*Work item:*
With the images removed, write out every line below exactly.

───── Data provided

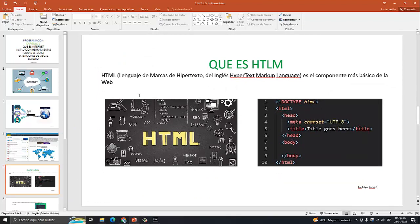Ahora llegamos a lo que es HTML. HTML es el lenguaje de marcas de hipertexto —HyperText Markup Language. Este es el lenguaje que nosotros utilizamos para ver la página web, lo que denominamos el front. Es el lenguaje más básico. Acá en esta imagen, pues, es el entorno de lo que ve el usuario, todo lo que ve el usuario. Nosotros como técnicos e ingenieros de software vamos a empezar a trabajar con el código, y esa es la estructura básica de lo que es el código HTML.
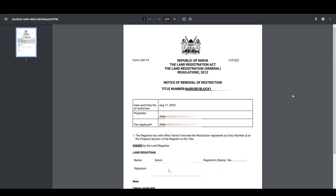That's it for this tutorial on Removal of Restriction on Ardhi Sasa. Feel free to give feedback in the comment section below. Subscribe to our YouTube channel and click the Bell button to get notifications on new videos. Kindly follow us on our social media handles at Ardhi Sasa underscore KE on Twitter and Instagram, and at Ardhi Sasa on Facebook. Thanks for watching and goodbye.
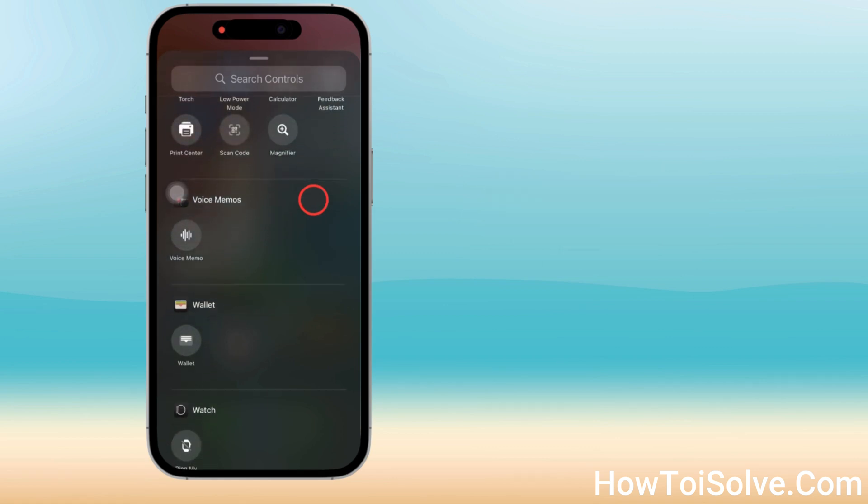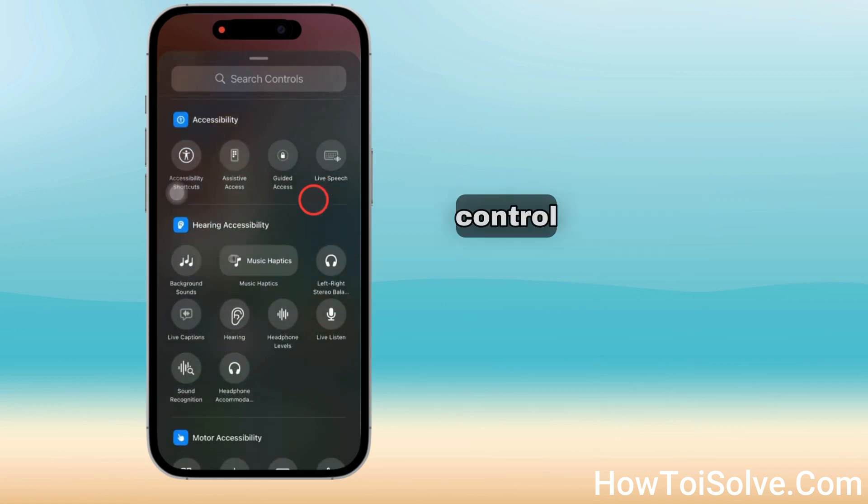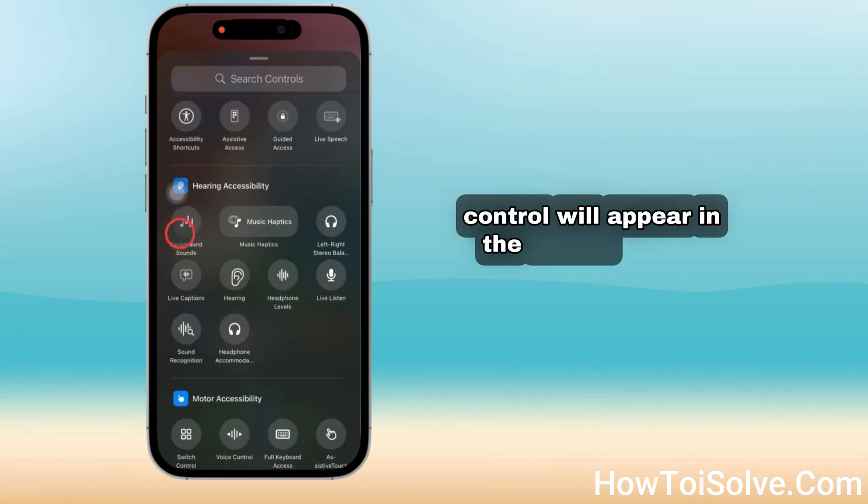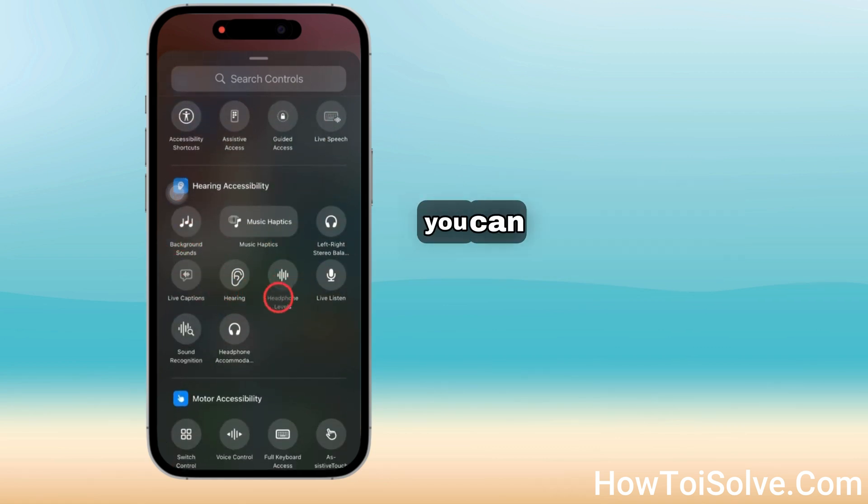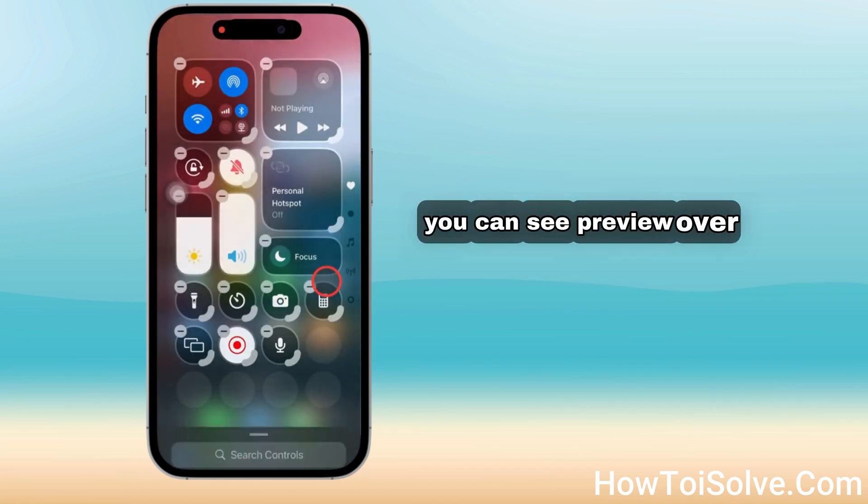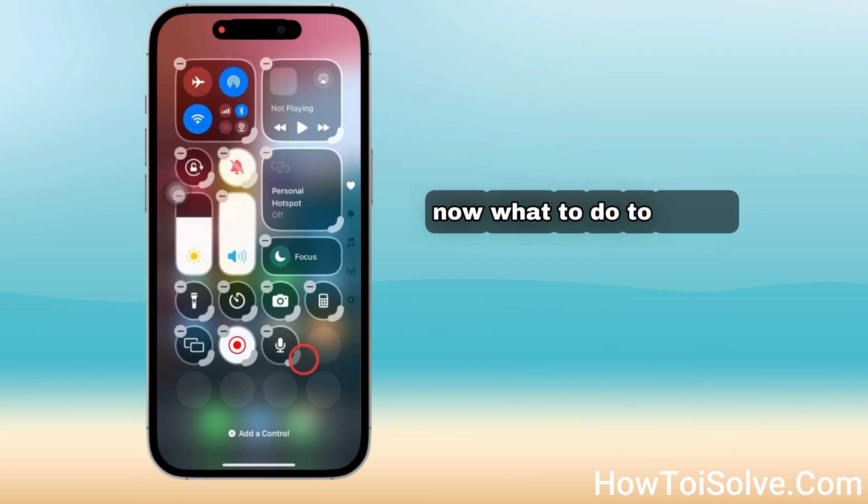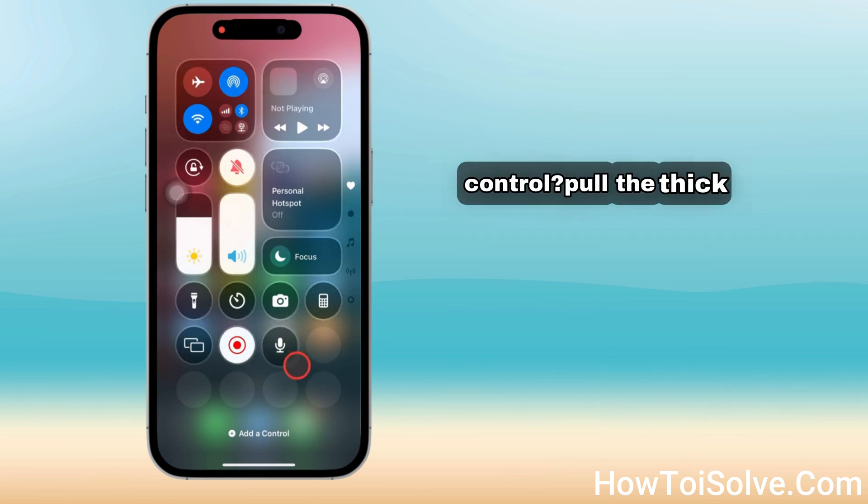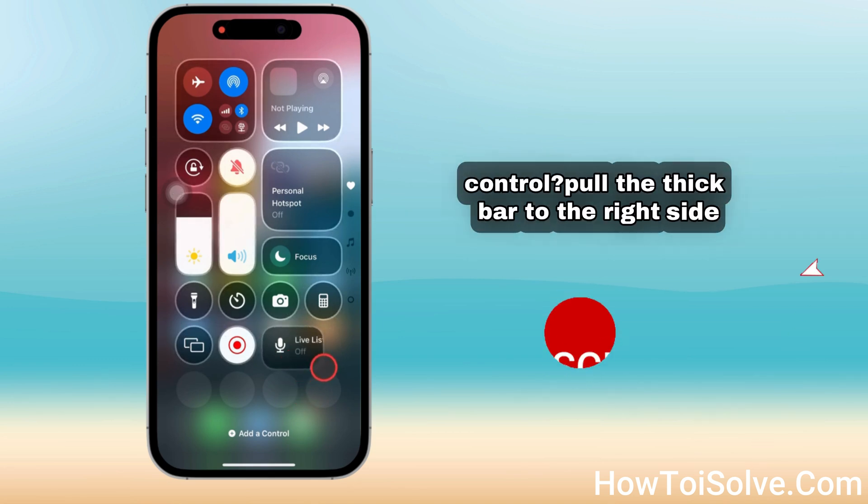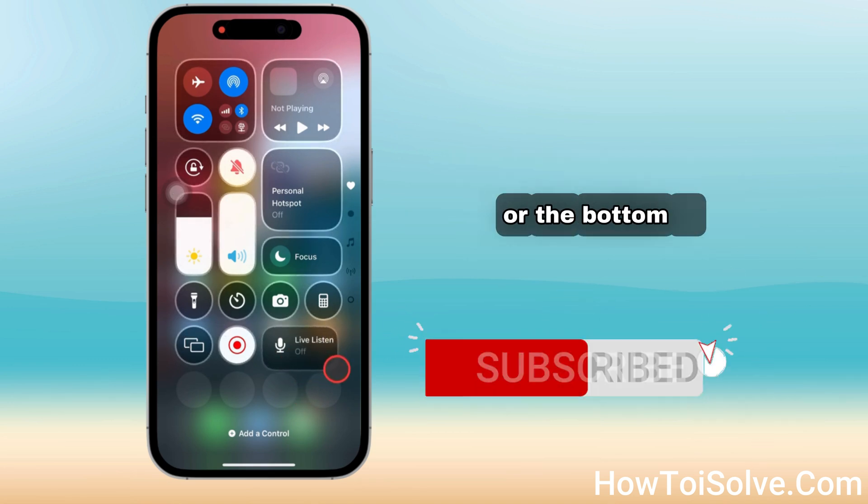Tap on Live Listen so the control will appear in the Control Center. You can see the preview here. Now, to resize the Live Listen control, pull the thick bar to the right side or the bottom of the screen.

──────────

*Solution for this task:*
Ahora llegamos a lo que es HTML. HTML es el lenguaje de marcas de hipertexto —HyperText Markup Language. Este es el lenguaje que nosotros utilizamos para ver la página web, lo que denominamos el front. Es el lenguaje más básico. Acá en esta imagen, pues, es el entorno de lo que ve el usuario, todo lo que ve el usuario. Nosotros como técnicos e ingenieros de software vamos a empezar a trabajar con el código, y esa es la estructura básica de lo que es el código HTML.
That's it for this tutorial on Removal of Restriction on Ardhi Sasa. Feel free to give feedback in the comment section below. Subscribe to our YouTube channel and click the Bell button to get notifications on new videos. Kindly follow us on our social media handles at Ardhi Sasa underscore KE on Twitter and Instagram, and at Ardhi Sasa on Facebook. Thanks for watching and goodbye.
Tap on Live Listen so the control will appear in the Control Center. You can see the preview here. Now, to resize the Live Listen control, pull the thick bar to the right side or the bottom of the screen.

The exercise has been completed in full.